Search with quantifier failed

PeterJones

Dagger † U+2020 as seen in the Extended Mode Docs:

It may be a crippled mode, but it should still be correctly documented. The docs as written don’t clarify well enough that \d requires three decimal digits, nor that it is not the same as the \d from regex mode. Other entries in the list use the dagger notation to reference the note about being different from the regex syntax that looks similar.

datatraveller1

@Alan-Kilborn I use the extended mode for hexadecimal search (\x), so for me it is still useful in some cases.

Alan Kilborn

@datatraveller1 said in Search with quantifier failed:

I use the extended mode for hexadecimal search (\x), so for me it is still useful in some cases.

For the most part, you can also use Regular expression mode for that. But, as I’ve recently cautioned another poster, if you find you are searching for hex sequences often, you are probably doing something wrong with how you are approaching text editing. Of course, that’s said with no info about what you are doing.

Terry R

Firstly, apologies to @Dr-N for possibly steering the posts in a wrong direction.

Secondly, sorry to the rest of you. I had not actually tested the Extended mode (wasn’t on a PC when I posted), rather just read from the manual (which has been verified as missing important information).

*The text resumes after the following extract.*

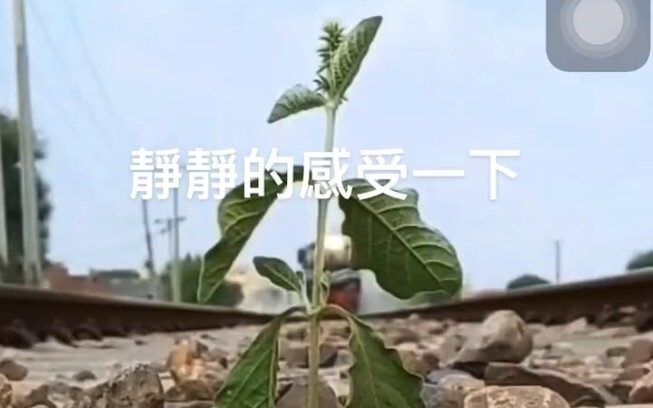 No matter how much pressure we face, it will always pass—let’s lift our heads and set off again!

It also appeared (on the surface) to explain the OP’s issue.

I have never used Extended because of the same reasoning as @Alan-Kilborn. I’m even more convinced now that it is a rubbish mode. If it’s intended to give users a leg up to full blown regex then (I believe) it completely misses the mark.

Given the manual didn’t fully explain the use and if someone new was to try it, the meta characters, being so closely resembling regex code will only serve to confuse users of that mode. I cannot see a reason for retaining this mode.

My 2c worth
Terry

Alan Kilborn

@Terry-R said in Search with quantifier failed:

My 2c worth

So here’s my take on it.

The history: Notepad++, pre version 6.0, had no regex search/replace mode. The author wanted to give some capability, and didn’t want to tackle a regex implementation himself (fun fact: in truth it was done by the author of the PythonScript plugin and some others). Thus “extended” mode was born.

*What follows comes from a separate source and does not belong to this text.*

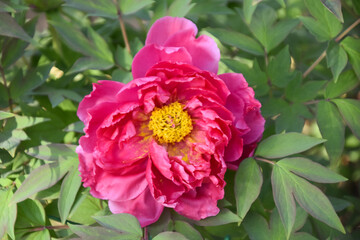 A peony,  the National Flower of China at Wancheng Park in Luoyang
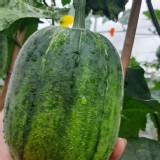 無毒溫室無毒水果絲瓜550-600g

When regex mode DID come along, “extended” mode really wasn’t necessary, but features aren’t usually removed, because someone may be using them (and complain). Thus, it lives. And maybe some still cling to it because regular expressions terrify them. :-)

datatraveller1

@Alan-Kilborn I rarely use the hexadecimal search, e.g. to search for the annoying character “Non-breaking space, HEX A0, DEC 160”.
-> Notepad++, extended search for \xA0
… but you are right, this also works with the regular expression mode.

BTW, I was a bit confused by the \X paragraph in the manual
https://npp-user-manual.org/docs/searching:
“For example, the letter ǭ̳̚, with four combining characters after the o, can be found either with the regex (?-i)o\x{0304}\x{0328}\x{031a}\x{0333} or with the shorter regex \X.” -> I miss the example for the shorter regex \X?

PeterJones

@datatraveller1 said in Search with quantifier failed:

I miss the example for the shorter regex \X

The entire regex is \X – it matches one letter plus all the combining characters that come after, hence it would match the o and the four shown combining-characterd

guy038

Hello @dr-n, @alan-kilborn, @terry-r, @peterjones, @datatraveller1 and All,

I tried to merge the two posts below, in order to get a complete summary of the Extended search mode feature !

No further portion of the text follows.